Description John 'Warthog9' Hawley 2011-08-26 21:34:58 UTC
Created attachment 70432 [details]
Serial Output from Machine as it boots

I've got a machine that seems to be unable to boot with 3.1-rc2, but does seem to boot fine with a 2.6.35.14 derived kernel (from Fedora 14).

Machine in question is a ProLiant DL385 G1, which is about the oldest machine I have in production.  Upon booting the machine with a 3.1-rc2 kernel (in fact the same one currently running on hera/master), it boots but then stops dead, with the only information on the serial port being:

[...]
[    0.362147] ACPI: Interpreter enabled
[    0.362958] ACPI: (supports S0 S4 S5)
[    0.364958] ACPI: Using IOAPIC for interrupt routing
[    0.370203] ACPI: No dock devices found.
[    0.370956] HEST: Table not found.
[    0.371956] PCI: Ignoring host bridge windows from ACPI; if necessary, use "pci=use_crs" and report a bug
[    0.373965] ACPI: PCI Root Bridge [CFG0] (domain 0000 [bus 00-03])
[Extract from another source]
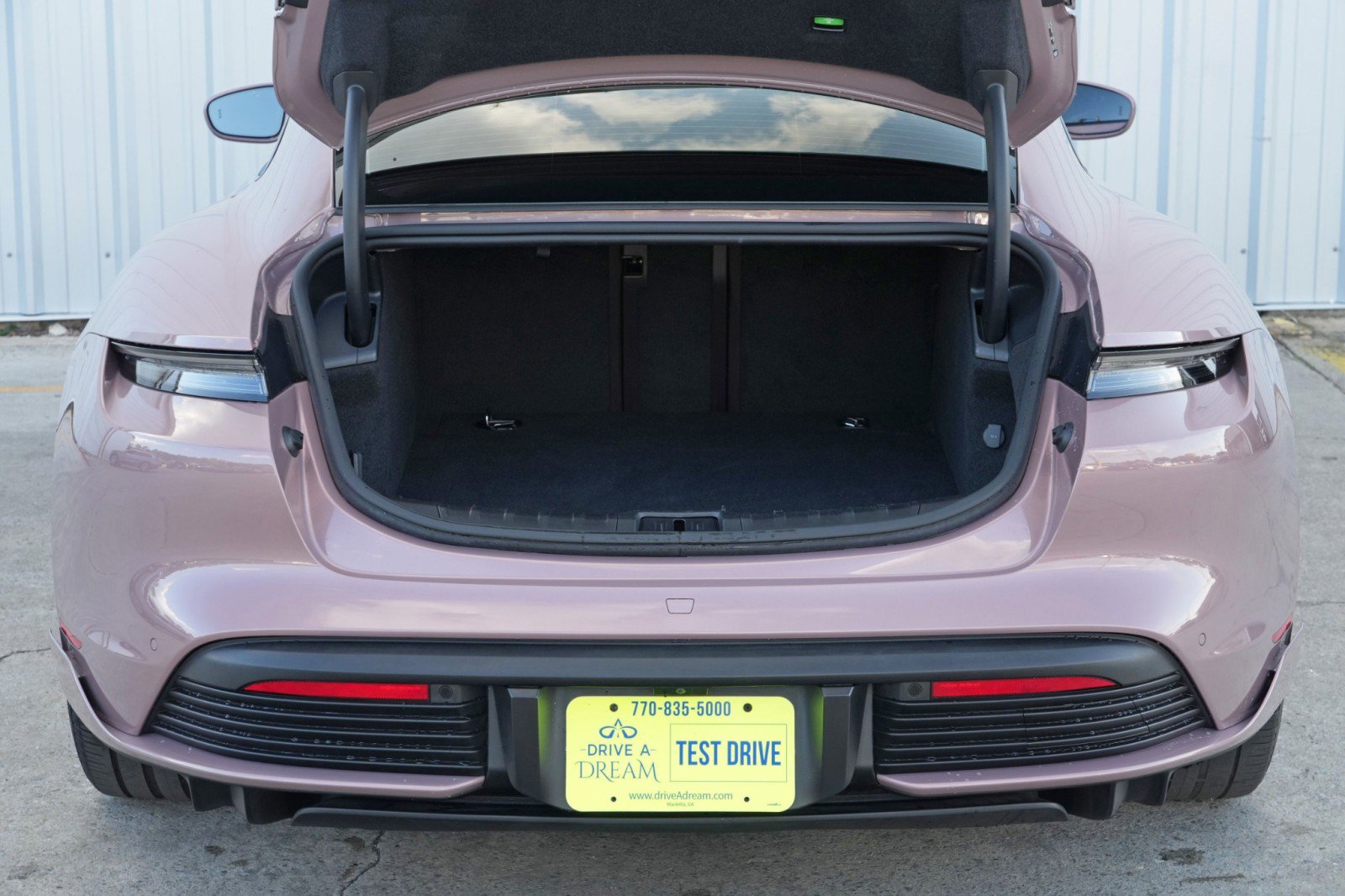 Used 2024 Porsche Taycan image 10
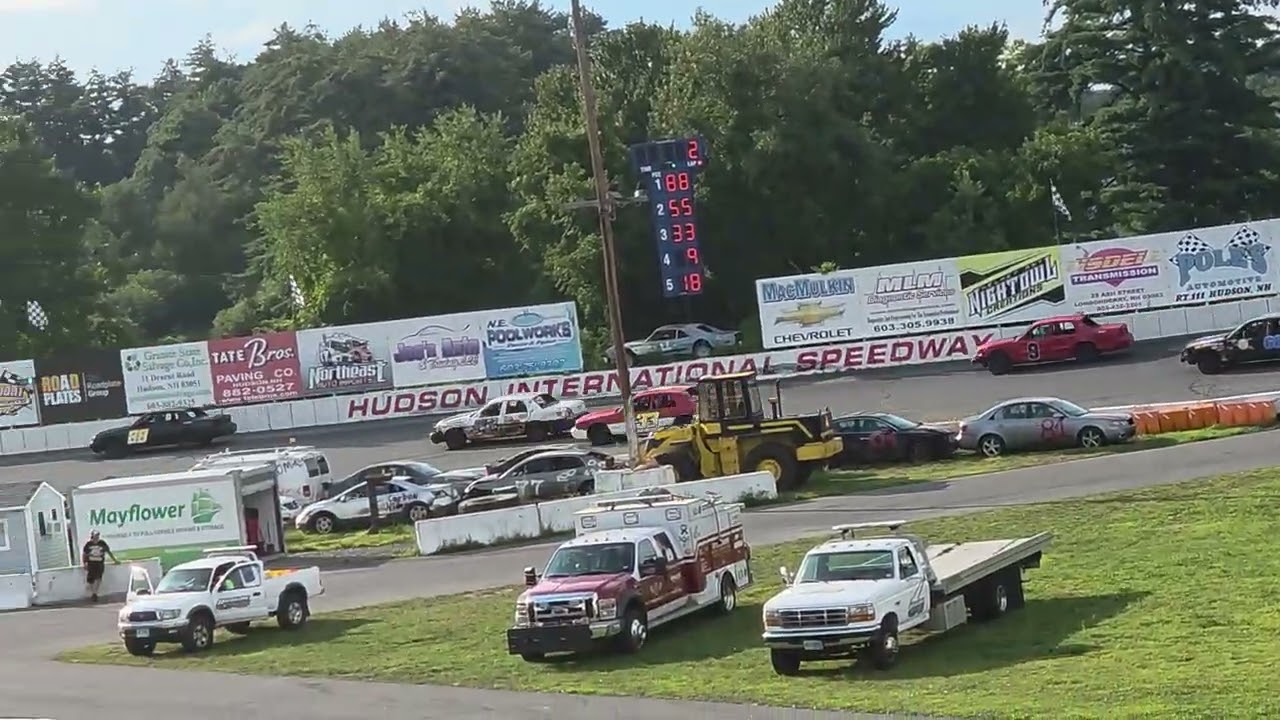 Hudson Speedway - Crown Vics Heat 1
Rebooting and adding pci=use_crs to the kernel command line boots further, but the tg3 driver / network bring up code (from anaconda) seems to hinder fully booting, it gets into a bringup, fail, try again loop.  The tg3 issue could just be a firmware issue.

Either way I'm reporting the issue as the booting kernel implied.  Attaching the serial log from the machine in question.  I'm happy to provide anything else that might be needed.
Comment 1 Bjorn Helgaas 2011-08-26 22:35:18 UTC
Hi John, thanks for the report!  Can you also attach the log from the "pci=use_crs" boot and a complete dmesg log, /proc/iomem, and "lspci -vv" from the Fedora 14 kernel?  That box probably has an iLO for both serial and VGA console, which is a PCI device; I wonder if something's going wrong there.  I'm on my way out of town for the weekend, so I apologize in advance for not being able to work on it right away.
Comment 2 Len Brown 2011-08-26 22:50:27 UTC
John, did the 3.0.0 kernel work?
If no, any clues when things broke after 2.6.35?
Comment 3 Bjorn Helgaas 2011-09-06 05:10:01 UTC
Ping.  Bug 30552 is another case (also an AMD box) where "pci=use_crs" helps things.  The problem in bug 30552 is that amd_bus.c doesn't give us complete host bridge information, and I'd like to figure out whether this problem is similar.
Comment 4 Bjorn Helgaas 2012-08-23 23:24:28 UTC
If this is still reproducible on a current kernel, please reopen with the info requested in comment #1.